Load model turn out to be very slow after update the version of vllm #2959

jony0113 · 2024-02-21T13:33:42Z

I am using vllm and mixtral 8x7b, the version of vllm is 0.2.6, it works well.
I tried to update the version to latest 0.3.1. however, while it proceeds to load model weight, it becomes very slow. it takes almost 40 minutes vs. 5 minutes for the old version.
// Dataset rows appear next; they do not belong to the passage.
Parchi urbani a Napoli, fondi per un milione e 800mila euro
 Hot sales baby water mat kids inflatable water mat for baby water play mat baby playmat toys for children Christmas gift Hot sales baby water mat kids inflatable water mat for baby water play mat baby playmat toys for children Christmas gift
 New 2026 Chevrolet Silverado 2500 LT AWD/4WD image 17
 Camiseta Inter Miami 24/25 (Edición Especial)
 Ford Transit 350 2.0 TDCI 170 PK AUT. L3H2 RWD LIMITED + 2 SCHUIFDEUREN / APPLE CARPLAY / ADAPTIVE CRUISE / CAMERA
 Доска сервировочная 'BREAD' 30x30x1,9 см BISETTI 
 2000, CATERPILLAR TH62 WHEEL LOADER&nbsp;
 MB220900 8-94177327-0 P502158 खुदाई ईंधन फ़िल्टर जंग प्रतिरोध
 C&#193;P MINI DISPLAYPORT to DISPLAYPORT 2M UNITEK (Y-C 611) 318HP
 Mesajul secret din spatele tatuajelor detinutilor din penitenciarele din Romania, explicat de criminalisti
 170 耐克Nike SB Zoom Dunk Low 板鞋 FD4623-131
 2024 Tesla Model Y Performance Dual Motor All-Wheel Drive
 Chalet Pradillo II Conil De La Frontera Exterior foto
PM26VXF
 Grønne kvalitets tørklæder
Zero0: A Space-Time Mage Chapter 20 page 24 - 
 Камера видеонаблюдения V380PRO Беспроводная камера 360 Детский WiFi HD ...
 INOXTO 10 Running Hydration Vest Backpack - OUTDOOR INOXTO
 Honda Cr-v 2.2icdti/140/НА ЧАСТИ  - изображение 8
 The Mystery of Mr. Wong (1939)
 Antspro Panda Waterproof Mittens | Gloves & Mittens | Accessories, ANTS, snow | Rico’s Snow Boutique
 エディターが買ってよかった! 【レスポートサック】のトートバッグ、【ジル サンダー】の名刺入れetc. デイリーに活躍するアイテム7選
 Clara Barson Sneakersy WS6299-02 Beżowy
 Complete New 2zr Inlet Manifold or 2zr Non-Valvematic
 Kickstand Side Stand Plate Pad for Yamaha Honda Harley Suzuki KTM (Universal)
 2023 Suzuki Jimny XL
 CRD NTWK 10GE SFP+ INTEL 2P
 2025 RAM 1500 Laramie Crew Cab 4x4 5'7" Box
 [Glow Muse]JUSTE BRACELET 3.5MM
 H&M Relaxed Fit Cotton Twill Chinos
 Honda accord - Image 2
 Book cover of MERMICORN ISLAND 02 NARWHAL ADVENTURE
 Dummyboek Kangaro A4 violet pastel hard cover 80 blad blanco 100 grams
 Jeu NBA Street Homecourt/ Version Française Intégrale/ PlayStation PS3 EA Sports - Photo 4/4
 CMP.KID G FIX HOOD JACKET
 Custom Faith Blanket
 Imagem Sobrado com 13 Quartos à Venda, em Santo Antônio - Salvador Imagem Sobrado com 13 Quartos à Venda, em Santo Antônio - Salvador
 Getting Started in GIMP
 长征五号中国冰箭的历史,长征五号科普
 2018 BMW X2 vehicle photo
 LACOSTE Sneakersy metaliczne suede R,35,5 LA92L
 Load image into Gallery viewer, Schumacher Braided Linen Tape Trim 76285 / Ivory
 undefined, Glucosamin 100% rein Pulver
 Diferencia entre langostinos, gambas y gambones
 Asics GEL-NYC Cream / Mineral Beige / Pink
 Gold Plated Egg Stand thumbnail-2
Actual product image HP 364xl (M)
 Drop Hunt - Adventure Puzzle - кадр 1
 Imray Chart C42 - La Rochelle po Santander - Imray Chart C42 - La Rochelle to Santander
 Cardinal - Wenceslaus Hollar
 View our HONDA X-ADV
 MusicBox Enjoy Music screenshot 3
I don't know how it happens since I do not change any other environment and parameters.

I have checked the difference of loading model in mixtral.py and doesn't find any clues.

I downloaded the model, and my parameters are:

Namespace(host='0.0.0.0', port=28711, allow_credentials=False, allowed_origins=[''], allowed_methods=[''], allowed_headers=['*'], api_key=None, served_model_name='mixtral', chat_template=None, response_role='assistant', ssl_keyfile=None, ssl_certfile=None, root_path=None, middleware=[], model='/data0/Mixtral-8x7B-Instruct-v0.1', tokenizer=None, revision=None, tokenizer_revision=None, tokenizer_mode='auto', trust_remote_code=False, download_dir=None, load_format='auto', dtype='auto', kv_cache_dtype='auto', max_model_len=None, worker_use_ray=False, pipeline_parallel_size=1, tensor_parallel_size=2, max_parallel_loading_workers=None, block_size=16, seed=0, swap_space=4, gpu_memory_utilization=0.9, max_num_batched_tokens=None, max_num_seqs=256, max_paddings=256, disable_log_stats=False, quantization=None, enforce_eager=False, max_context_len_to_capture=8192, disable_custom_all_reduce=False, enable_lora=False, max_loras=1, max_lora_rank=16, lora_extra_vocab_size=256, lora_dtype='auto', max_cpu_loras=None, device='cuda', engine_use_ray=False, disable_log_requests=False, max_log_len=None)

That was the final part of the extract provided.